神经架构搜索研究指南 -2

系列文章:《神经架构搜索研究指南 -1

3. 可伸缩图像识别领域的可转移架构学习

2017:Learning Transferable Architectures for Scalable Image Recognition

在本文中,作者在一个小数据集上搜索结构上的一个组成模块,然后将该模块再转换到一个大数据集上。这是因为直接使用大型数据集将非常麻烦和耗时。

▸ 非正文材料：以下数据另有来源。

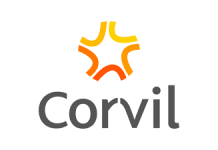 Corvil Unveils New UTC Traceability Solution for MiFID II and CAT Compliance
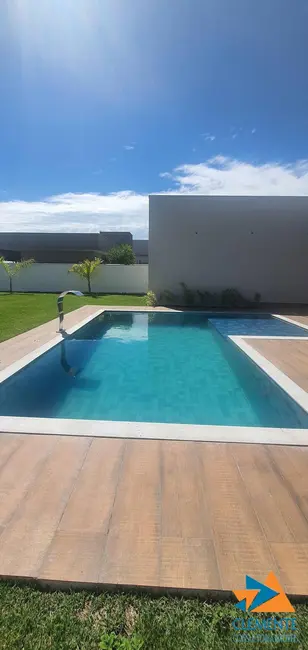 Casa com 4 quartos à venda, 267m2 em Lagoa Santa - MG - imagem 7 Foto 7 de Casa com 4 quartos à venda, 267m2 em Lagoa Santa - MG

作者在 CIFAR-10 数据集上寻找最佳卷积层,并将其应用于 ImageNet 数据集。具体做法是将该层的更多副本堆叠在一起来实现的。每一层都有自己的参数,用于设计卷积架构。作者将这种体系结构称为 NASNet 架构。

他们还引入了正则化技术——ScheduledDropPath——来改进 NASNet 模型中的泛化性能。该方法的错误率为 2.4%。最大的 NASNet 模型平均精度达到 43.1%。

与前一篇文章一样,本文也使用了神经体系结构搜索 (NAS) 框架。本文的方案中,卷积网络的总体结构是人工预置好的。它们由重复几次的卷积单元组成。每个卷积层具有相同的结构,但权重不同。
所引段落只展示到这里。